Em verdade, as factorings entrelaçadas ao G.P dão sérios indicativos de que estão emprestando dinheiro, financiando o empreendimento, fazendo repasse de valores para terceiros, posturas que contrariam totalmente a normativa do COAF e que constituem o modus operandi dos esquemas de blindagem de patrimônio. Os valores localizados nesse fundo de investimentos de direito creditório, é importante frisar, não constituem capital de giro de nenhuma dessas empresas, são valores de reserva, concentrados para especulação financeira, sendo os repasses feitos para indústrias de expressão pecuniária inexpressiva, se considerarmos a dimensão do FIDC, quase que lucros e dividendos periodicamente recebidos e, portanto, tão habilmente gerenciados pelas empresas de cobrança.
Os bloqueios em questão assumem a natureza de arresto cautelar e têm de significativo somente atingirem, nesse primeiro momento, algumas das empresas envolvidas com o grupo, cujos contornos mais precisos virão na decisão de caracterização do grupo econômico trabalhista, nos moldes autorizados pelo artigo 2º, parágrafo 2º da CLT e que, na hipótese em exame, assume a forma de grupo econômico de coordenação…”
A realidade das decisões judiciais que vêm sendo proferidas acerca do tema tornam, a nosso ver, imprescindível que se reanalise a conveniência da manutenção de cláusulas como essa nos contratos padrão, pois a nosso ver têm pouca ou nenhuma valia prática, mas podem dar ensejo – abusivamente ou não, pouco importa sob esse prisma – prejuízos absolutamente injustificáveis.
Fica aqui nosso alerta aos clientes e amigos.
Cylmar Pitelli Teixeira Fortes
cylmar@fortes.adv.br
Camilla Thais Correa Moriki
camilla@fortes.adv.br
[1] Art. 2º, CLT: Considera-se empregador a empresa, individual ou coletiva, que, assumindo os riscos da atividade econômica, admite, assalaria e dirige a prestação pessoal de serviço.

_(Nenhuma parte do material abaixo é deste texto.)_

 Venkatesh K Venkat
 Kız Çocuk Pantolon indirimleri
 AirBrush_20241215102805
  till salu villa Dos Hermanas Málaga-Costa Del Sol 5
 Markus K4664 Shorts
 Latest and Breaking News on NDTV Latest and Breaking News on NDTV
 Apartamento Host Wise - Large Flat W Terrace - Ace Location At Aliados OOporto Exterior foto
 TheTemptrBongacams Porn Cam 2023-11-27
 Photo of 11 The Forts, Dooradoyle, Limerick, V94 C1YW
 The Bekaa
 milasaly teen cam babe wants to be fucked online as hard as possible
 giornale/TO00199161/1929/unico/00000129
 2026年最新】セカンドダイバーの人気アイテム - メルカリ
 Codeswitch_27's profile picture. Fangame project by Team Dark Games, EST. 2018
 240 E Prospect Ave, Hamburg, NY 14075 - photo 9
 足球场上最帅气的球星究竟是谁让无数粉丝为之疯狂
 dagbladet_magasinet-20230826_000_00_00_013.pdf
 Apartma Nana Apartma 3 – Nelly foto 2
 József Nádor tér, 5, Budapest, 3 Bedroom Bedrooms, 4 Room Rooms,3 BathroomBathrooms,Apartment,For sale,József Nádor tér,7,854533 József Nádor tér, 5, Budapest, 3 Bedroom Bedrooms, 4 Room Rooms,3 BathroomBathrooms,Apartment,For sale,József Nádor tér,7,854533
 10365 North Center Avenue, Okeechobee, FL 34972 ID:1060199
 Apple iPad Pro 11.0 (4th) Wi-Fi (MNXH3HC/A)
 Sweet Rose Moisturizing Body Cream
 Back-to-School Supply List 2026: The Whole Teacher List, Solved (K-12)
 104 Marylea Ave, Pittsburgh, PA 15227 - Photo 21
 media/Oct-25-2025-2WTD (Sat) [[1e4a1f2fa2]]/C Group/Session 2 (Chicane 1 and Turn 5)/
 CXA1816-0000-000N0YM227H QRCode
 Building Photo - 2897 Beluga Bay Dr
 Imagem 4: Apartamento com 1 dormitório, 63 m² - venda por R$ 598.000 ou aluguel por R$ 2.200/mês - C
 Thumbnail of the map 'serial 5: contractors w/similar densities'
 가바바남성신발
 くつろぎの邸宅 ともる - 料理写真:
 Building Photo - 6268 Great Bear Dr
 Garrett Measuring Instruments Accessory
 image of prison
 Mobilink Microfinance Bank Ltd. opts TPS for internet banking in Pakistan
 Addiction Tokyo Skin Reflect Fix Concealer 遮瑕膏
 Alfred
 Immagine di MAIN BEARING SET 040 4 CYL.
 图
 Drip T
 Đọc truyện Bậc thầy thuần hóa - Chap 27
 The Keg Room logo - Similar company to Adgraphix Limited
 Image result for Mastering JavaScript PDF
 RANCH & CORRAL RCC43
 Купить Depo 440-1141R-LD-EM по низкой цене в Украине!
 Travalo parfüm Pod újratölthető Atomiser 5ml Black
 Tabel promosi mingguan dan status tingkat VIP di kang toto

§ 2º – Sempre que uma ou mais empresas, tendo, embora, cada uma delas, personalidade jurídica própria, estiverem sob a direção, controle ou administração de outra, constituindo grupo industrial, comercial ou de qualquer outra atividade econômica, serão, para os efeitos da relação de emprego, solidariamente responsáveis a empresa principal e cada uma das subordinadas.